田墨頓時愣住,雙頰熱辣辣的燙。一想到他方才與她所言之事,全然被他人聽得了。他忙將史非花一推,火燒屁股似的跳起來,直衝牢房外去了。
史非花沒料到他會有此一舉,一個不穩,被他推得跌坐在地上,怔怔地望著田墨飛奔出門的背影。這一幕,看得石無歸抱起雙手,哈哈大笑起來,“哈哈!丫頭,你看你,玩得過火,把人家嚇跑了吧?”
她瞪了他一眼,“他那是臉皮薄,害羞了。哪兒像老頭你,臉皮厚得跟城牆似的,該退避的時候不避,跟個竿子似的杵在這兒,壞人好事!”
言閉,她斜了他一個白眼,再不搭理笑呵呵的石無歸,直追出牢房——
漫天的雪花,紛紛揚揚地落下,已在地上積起一片純白。
史非花畏寒地縮了縮肩,向前望去:只見那人,正站定在不遠處,怔怔地看著前方。
“義兄。”她輕聲喚他。
他緩緩回過身來。飛散的雪花模糊了視線,看不清他的面容。
“你又騙我了。”
在那語氣中,聽出了哀怨的味道,她淡淡勾勒了唇角,淺笑著答道:“耶,怎能用個‘騙’字呢?明明是你沒問呀。”

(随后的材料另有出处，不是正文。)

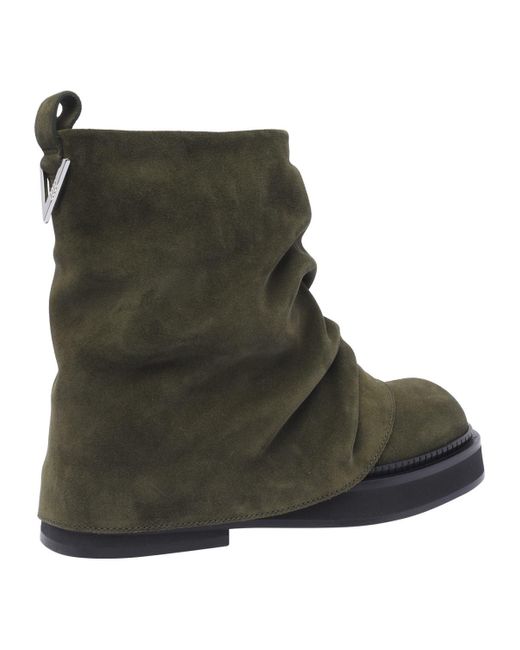 The Attico Green Mini Robin Combat Booties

這句話讓他頓時為之結舌:他哪裡知道事情竟有此等百轉千折?前一次知道她是魔教奸細,他已是宛如五雷轟頂一般,震驚不已。他哪裡想得到,在這之後,竟然還有一重隱情?!
見他不答話,她慢慢走了過去,在雪地上踏出一排淺淺的足跡,“你生氣了?”
他搖了搖頭,“我不知該氣還是該笑。畢竟,咱們自由了,不是嗎?可是,心裡還是有疙瘩。你可知,你這次又將我騙得多慘?我日日擔驚受怕,就怕你被正道捉住。我怎麼也沒想到,竟然是這樣的結果。”
聽得他實話實說,她站定於他的面前,抬眼望他,緩緩向他講述過往:“義兄,我有沒有向你說過,我是七歲那年,遇到了奎虯……”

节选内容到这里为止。